読んだ本とか、漫画とか、映画とか、色々
〔私は駄目な王女だからね。自分のために命を使いたいの〕
耀天祭の終わり、赤燕の国の第一王女が失踪した——。
だが、それは嘘だと俺は知っている。太陽を祀る五日間、彼女は王族の在り方に抗い、その想いを尽くしただけ……。
突如国を追われた王女アルナリス、刀を振るうしか能のない幼馴染みの護衛ユウファ、猫の血を秘めた放浪娘イルナに人語を解する燕のスゥと軍犬のベオル。
森と獣に彩られた「赤燕の国」を、奇妙な顔ぶれで旅することになった一行。予期せぬ策謀と逃走の果て、国を揺るがす真実を目にした時、彼らが胸に宿した祈りとは——。これは歴史の影に消えた、儚き恋の亡命譚。
第22回電撃小説大賞〈銀賞〉受賞作!(カバー折り返しより)
タイトルに惹かれてやまない作品。美しい字面ですよね。でも応募時のタイトル「背天紅路」も作品を表していてかっこいいなあと思いました。

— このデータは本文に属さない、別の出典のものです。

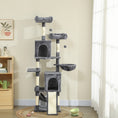 Charger l'image dans la visionneuse de la galerie, Cat Tree, 70" Multi-Level Cat Tower for Indoor with 2 Condos, 2 Plush Top Perches, Hammock, Platforms, Toy Balls, Sisal Scratching Posts and Board, Dark Grey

太陽を祀る祭りの折、成人の儀式を迎える王女アルナリスは、儀式に向かう途中に襲撃される。護衛である護舞官のユウファは、襲撃者の一人であった猫の血を引く娘イルナを連れて逃亡する。誰が味方で誰が敵かを見極めるための潜伏。そして明らかになったのは、アルナリスとユウファそれぞれの真の敵。
濃い世界観に圧倒されて、「ファンタジー美味しい……ファンタジー美味しい!」って気持ちです。登場人物はみんなヒトではないんですよねー。さらっと明かされたどうやって子どもを作るかってことについてや、鳥にとって虫は自分たちが作った生体機械であるという説明について、想像していた世界観が四十五度ほど変わって面白いなあと感じました。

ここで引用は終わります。